In today’s world, there are many ways to earn a little extra money. One is through participating in the sharing economy through things like selling goods or services via one’s computer or cellphone.
Participating in the sharing economy can provide some interesting income opportunities. However, it is important to remember that engaging in these activities also has responsibilities connected to it. This includes tax responsibilities.
Most income from sharing economy activities is considered taxable. What a person does when it comes to tax issues connected to sharing economy income they earned can be very impactful. Some types of conduct on this front could result in a taxpayer facing tax penalties or significant scrutiny from the IRS. When facing such consequences, it can be important to seek out quality legal guidance on navigating the matter.

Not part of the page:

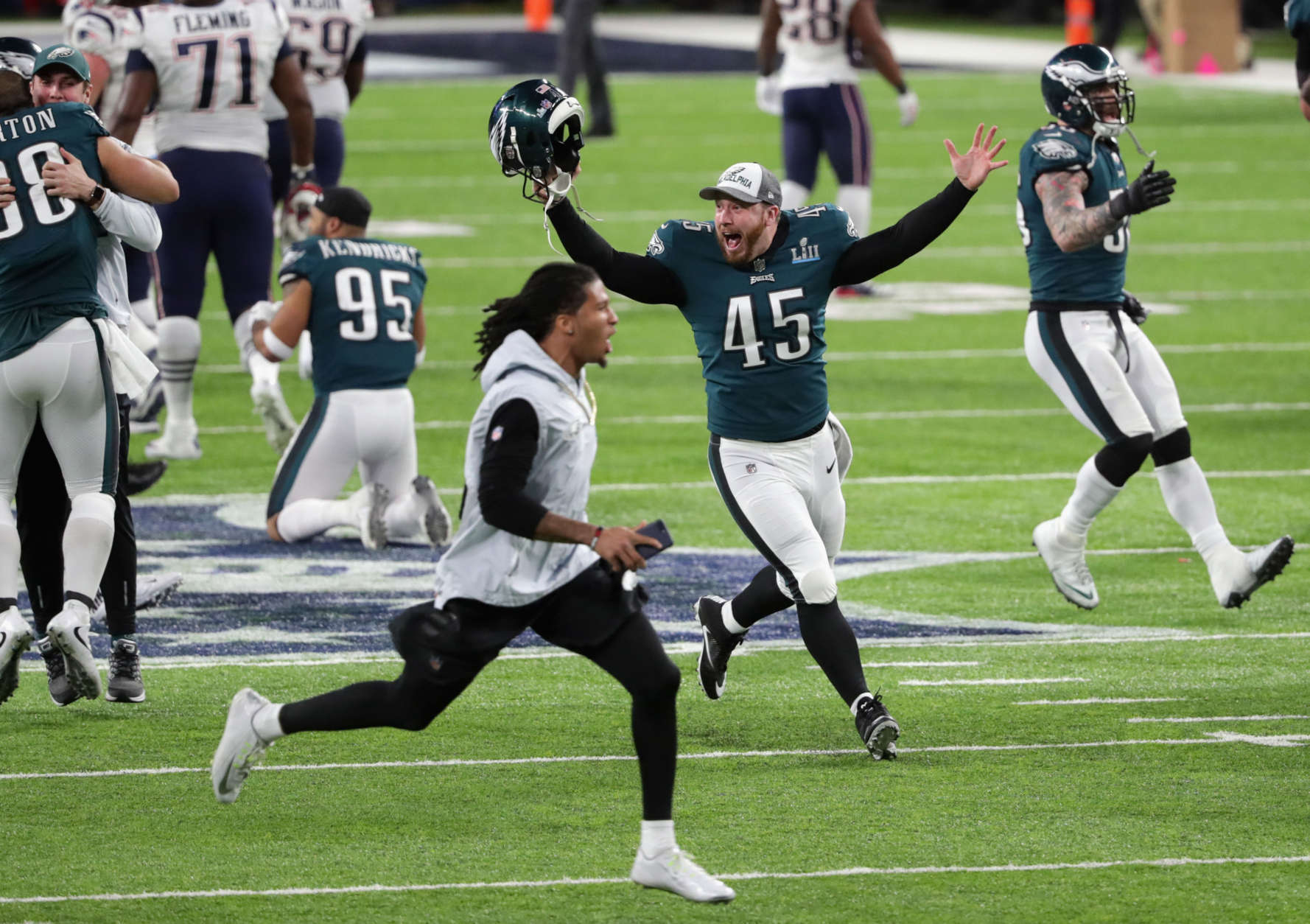 MINNEAPOLIS, MN - FEBRUARY 04:  Rick Lovato #45 of the Philadelphia Eagles runs on the field after defeating the New England Patriots in Super Bowl LII at U.S. Bank Stadium on February 4, 2018 in Minneapolis, Minnesota. The Philadelphia Eagles defeated the New England Patriots 41-33.  (Photo by Streeter Lecka/Getty Images)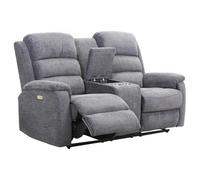 Canapé 2 places relax électrique avec tablette NEVERS en tissu - Anthracite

One thing that could lead to a person facing tax trouble in connection to the sharing economy is failing to report taxable income they received from their activities. So, accurately reporting taxable sharing economy income one has earned can be very important.
A person could also face tax trouble if they are accused of not paying enough in taxes over the course of the year, given what they earned from the sharing economy. So, along with properly reporting income, another step that can be an important one in steering clear of tax trouble in connection to involvement in the sharing economy is making sure one is paying enough in taxes over the course of the year to avoid tax penalties.
An article the IRS recently put up on its website notes two of the main routes taxpayers could take on this front. These routes are:
- If they have a job in which they have tax withholding, adjusting their withholding to account for additional income they are earning through the sharing economy.
- Paying estimated taxes on their sharing economy income over the course of the year.